Si haut qu'on soit placé, on n'est jamais assis que sur son cul (MONTAIGNE).
Avatar de l’utilisateur
Klausinski
Messages : 1295
Inscription : mar. 12 déc. 2006, 23:54
Localisation : Aude

Message par Klausinski »

Le dummy subject semble être ce que nous appelons le pronom impersonnel (celui que l'on retrouve dans "Il pleut", par exemple). La tournure dont vous parlez se retrouve souvent en français, elle n'a rien de fautif, mais elle ne paraît naturelle que dans certaines constructions.

Voici ce que j'ai trouvé dans ma grammaire :

"Dans les phrases assertives, qu'il s'agisse de propositions principales ou indépendantes, l'inversion du sujet est en général facultative. Elle est favorisée par chacun des paramètres suivants, et à plus forte raison par leur conjonction."
[Plusieurs paramètres s'ensuivent, dont :]

- Lorsque certains adverbes, certains groupes circonstanciels, un complément d'objet indirect ou un adjectif attribut sont détachés en tête de phrase. Ma grammaire donne comme exemple :
"Bientôt arrivèrent les premiers invités."
"De la discussion jaillit la lumière."
"Grande fut notre déception."

-"Lorsque des verbes comme venir, survenir, arriver, suivre, rester, etc. [et donc "se produire"], signalent l'existence ou le mode d'existence du référent de leur sujet nominal (ou lorsqu'ils indiquent un mouvement scénique), ce dernier peut également être postposé."
Les exemples donnés sont :
"Viendra le temps où la vache aura besoin de sa queue."
"Entre un garde [didascalie]"

--> "L'effet produit est analogue à celui des constructions impersonnelles qui représentent iconiquement l'existence de l'objet manifesté avant son identification."
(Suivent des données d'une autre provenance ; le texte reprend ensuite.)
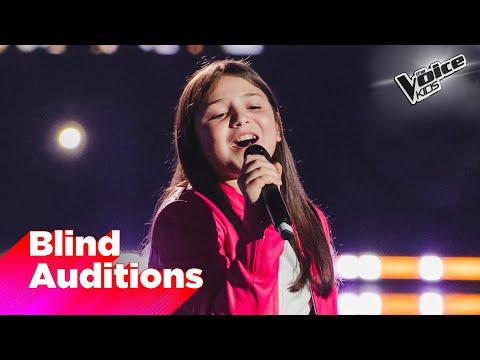 Maya e "La mia storia tra le dita" di Gianluca Grignani | The Voice Kids Italy Blind Auditions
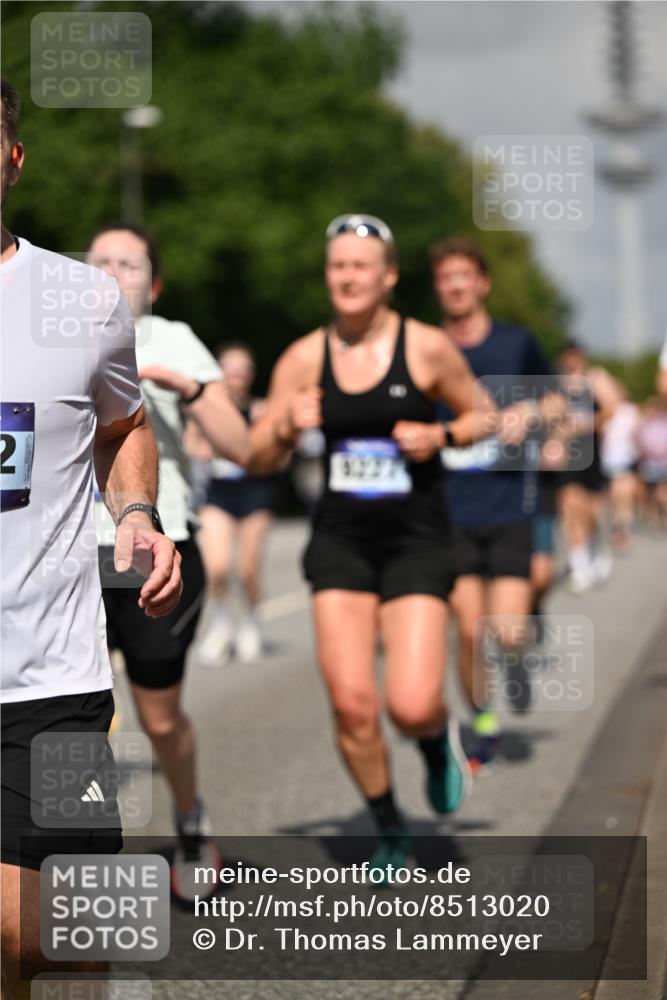 29.06.2025 - hella hamburg halbmarathon Dr. Thomas Lammeyer http://msf.ph/oto/8513020 29.06.2025 10:01:39 Kennedybrücke 1094, 1193, 1258, 1320, 1321, 1335, 1422, 1870, 2138, 2252, 2397, 2444, 2448, 2488, 2946, 3048, 3058, 3096, 3698, 3999, 4379, 4986, 5032, 5633, 5672, 5820, 5907, 6356, 6374, 6569, 6628, 6776, 7134, 7221, 7478, 7594, 7646, 7724, 7742, 7952, 7973, 7976, 8172, 8176, 8413, 8689, 8973, 9145, 9214, 9227, 9739, 9994, 10368, 10376, 10860, 11143, 11430 meine-sportfotos.de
J'espère que cet extrait vous a aidé à mieux comprendre cette tournure.
Dernière modification par Klausinski le jeu. 09 déc. 2010, 23:36, modifié 1 fois.
« J’écris autrement que je ne parle, je parle autrement que je ne pense, je pense autrement que je ne devrais penser, et ainsi jusqu’au plus profond de l’obscurité. »
(Kafka, cité par Mauriac)
Avatar de l’utilisateur
Jacques
Messages : 14475
Inscription : sam. 11 juin 2005, 8:07
Localisation : Décédé le 29 mai 2015, il était l'âme du forum

Message par Jacques »

Voilà des données techniques qui ont le mérite de poser au moins partiellement la règle. Mais c'est quand même subjectif et ressenti plus que raisonné, et cela relève de la tournure idiomatique, donc impossible à codifier ou enfermer dans des limites précises.
Si haut qu'on soit placé, on n'est jamais assis que sur son cul (MONTAIGNE).
Brazilian dude
Messages : 299
Inscription : sam. 06 mai 2006, 19:59

Message par Brazilian dude »

Je suis très content de vos réponses. :) Merci beaucoup.